### [TRY IT]
Within the listing below, please copy exactly the lines between the line holding "Viking Saga: Epic" and the line holding "Photo 7 from", inclusive.

### [DATA]
______

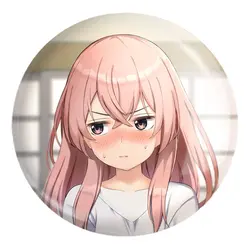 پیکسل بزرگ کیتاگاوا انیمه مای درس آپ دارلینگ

______

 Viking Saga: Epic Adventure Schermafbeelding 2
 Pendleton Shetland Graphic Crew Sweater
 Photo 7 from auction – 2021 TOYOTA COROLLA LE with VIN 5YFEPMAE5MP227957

______

### [TASK RESULT]
 Viking Saga: Epic Adventure Schermafbeelding 2
 Pendleton Shetland Graphic Crew Sweater
 Photo 7 from auction – 2021 TOYOTA COROLLA LE with VIN 5YFEPMAE5MP227957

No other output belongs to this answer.